Frater Progradior could safely be called one of Crowley's senior students.  Richmond does an excellent job creating a vivid portrait of him without a whole lot to go by.  Much of his personal archives were destroyed by a crazed son who objected to and completely misunderstood his lifestyle.  I find these kinds of accounts helpful for getting a sense of the atmosphere of the Hermetic mileau back in that day; useful history.  Richmond includes a copy of Liber Samekh in The Magical Record.  That kindled my interest in that ritual which I'd never really explored before.  I found a good synergy with reading Liber Samekh while listening to John Coltrane's A Love Supreme.  His Cosmic Music also works well.  They seem like twin recordings.  The bass line for A Love Supreme sounds very similar to the bass pattern in Lord, Help Me To Be from Cosmic Music.

Another REVIEW

Mason & Dixon

 by Thomas Pynchon

This is by no means a review.  Mason & Dixon is included here because it appears a powerful magickal text worthy of serious study and application.  Yes, the book certainly seems multi-level, a rhizome of multiplicities, and I'm only focusing on one, rather extensive, strata of the assemblage, but this strata, the layer of magick,  seems rarely touched upon by Pynchon exegesists though it appears blatantly obvious to me; also blatantly obvious that TP writes with as much hierophantic authority as the other authors mentioned here.  If you like first rate literature, superb dry humor, whimsy, history, political opinions, puzzle solving and much else thrown in with subtle and wise magick instruction then you might, as I do, find Mason & Dixon in your library alongside other classics on the subject.
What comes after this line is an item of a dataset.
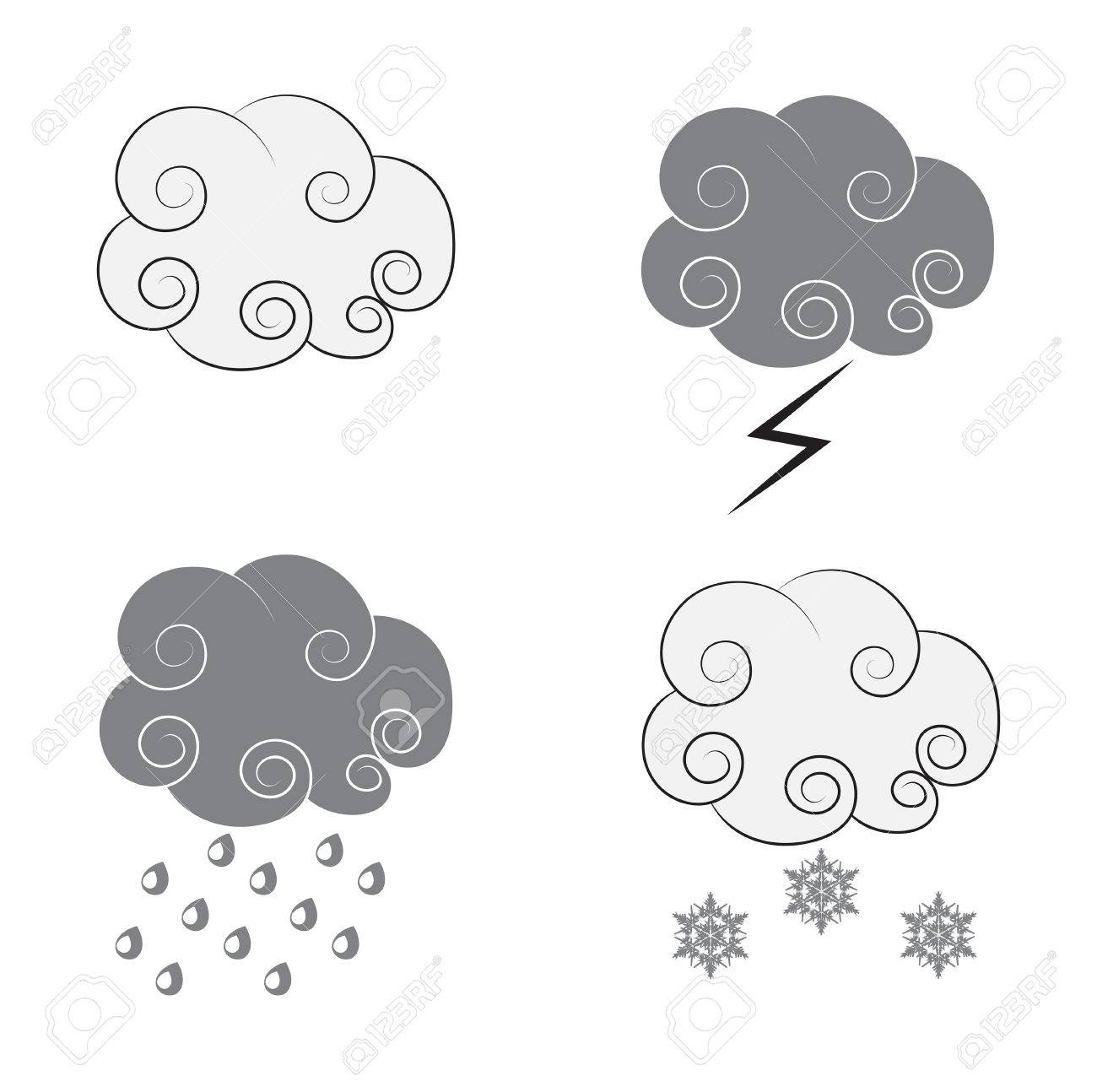 雲のアニメーション スタイル 黒 グレー 天気のアイコンの描画のイラスト素材 ベクタ Image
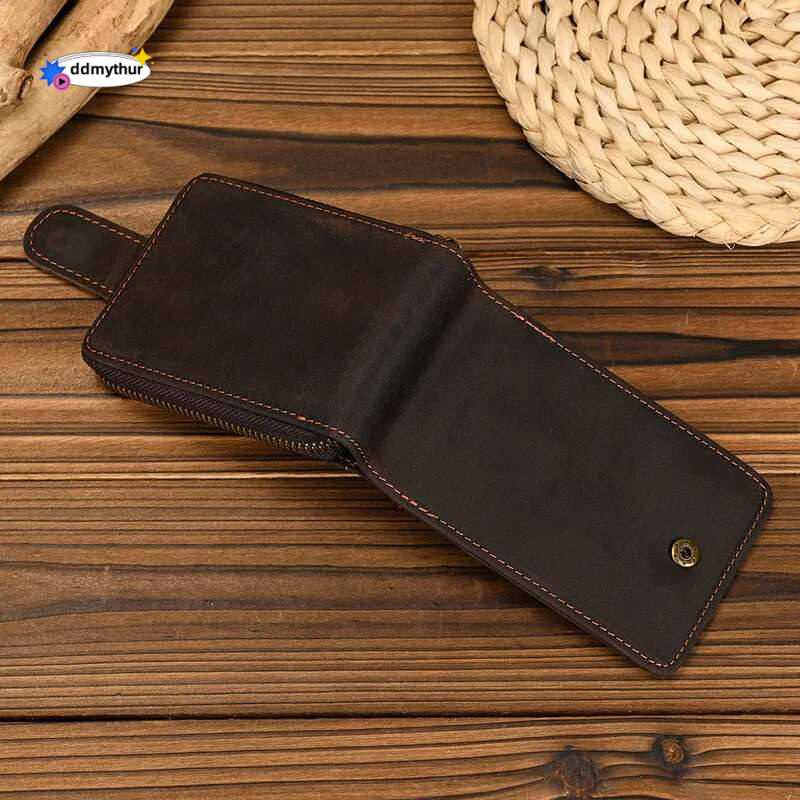 Luufan Men Genuine Leather Purse For Cards Case Short Wallet Hasp Credit ID Bank Card Holder Women Cardholder ddmythur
One review I read closed the piece with the statement: "Simplicity and clarity, I presume, would bore him..." implying that Pynchon never writes simply and clearly,  Au contraire, I must respond.  If one recognizes that the strata of magick exists in full force inside this tome then some statements do appear blatantly obvious as when magick first gets explicitly introduced ( it appears implicit from the get go) on p. 67:

Mason makes quick Head-Turns, to the Left and Right, and lowers his Voice.  Whilst you've been out rollicking with your Malays and Pygmies, ... what have you heard of the various sorts of Magick, that they are said to possess?"

This paragraph reflects the range of esoteric communication and reference from the explicit question at the end to the qabalaisticly significant correspondences at the beginning.  This same range even turns up on the front cover with an explicit image in the center and two word fragments above and below that carry qabalistic relevance related to the central sign.  

If the image portrayed by the stylized ampersand still mystifies you can always turn to the top of p.261 for a straightforward explanation of the cover.  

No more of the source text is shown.